Liegt der Sachverhalt am Ende jedoch umgekehrt? Die 20-Jährige wirkte die letzte Woche über traurig und verloren, während Justin Bieber auf Twitter Scherze verbreitet und anscheinend prächtige Laune hat. Nun kam heraus, dass er sich am 8. Dezember erneut mit „Victoria’s Secret“-Model Barbara Palvin traf – der Grund für die ursprüngliche Trennung von Selena, nachdem die beiden bereits bei seinem Auftritt während ihrer Fashionshow flirteten.

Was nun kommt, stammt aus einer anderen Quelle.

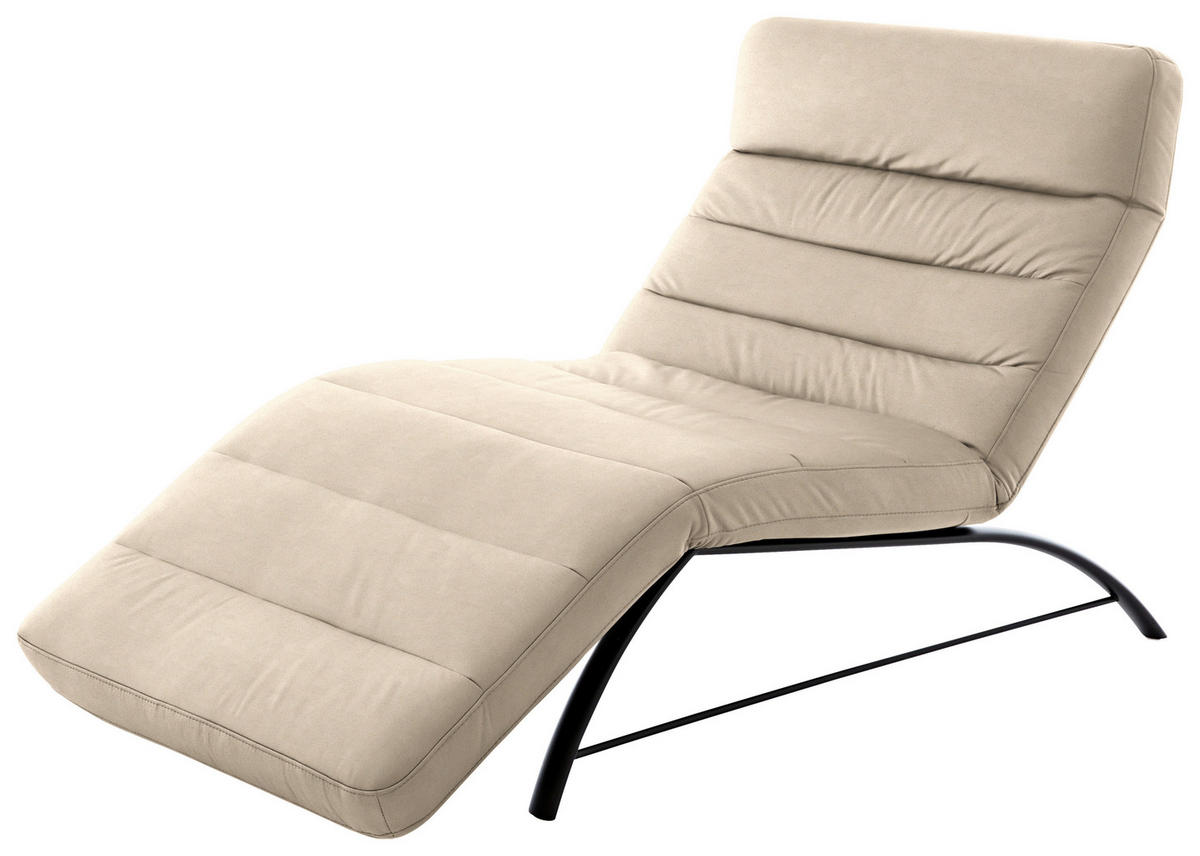 RELAXLIEGE in Mikrofaser Beige  - Beige/Schwarz, Design, Textil/Metall (95/91/170cm) - Chilliano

Barbara Palvin wurde vor Justin Biebers Tourbus gesichtet

„Justin und Barbara waren zusammen in Miami. Sie sind nicht verlegen darüber, dass sie miteinander abhängen und sich näherkommen“, verriet ein Freund von Justin Bieber dem „Life & Style Magazine“. Obwohl die 19-jährige Schöne angeblich einen Freund hat, ließ sie sich vor Ort vor dem Tourbus des Sängers ablichten und trug dabei sogar sein offizielles Tournee-Shirt. Selena Gomez hatte bei der Versöhnung die Regeln klar gemacht, an die sich Justin Bieber offenbar nicht hielt. (celebrity.de/)


----------



## Punisher (20 Feb. 2013)

na und????


----------



## MeisterMole (24 Feb. 2013)

Ich finds eher unheimlich als heimlich


----------



## Sachse (24 Feb. 2013)

und da die News drei Monate alt ist, muss man da nicht mehr drauf antworten


----------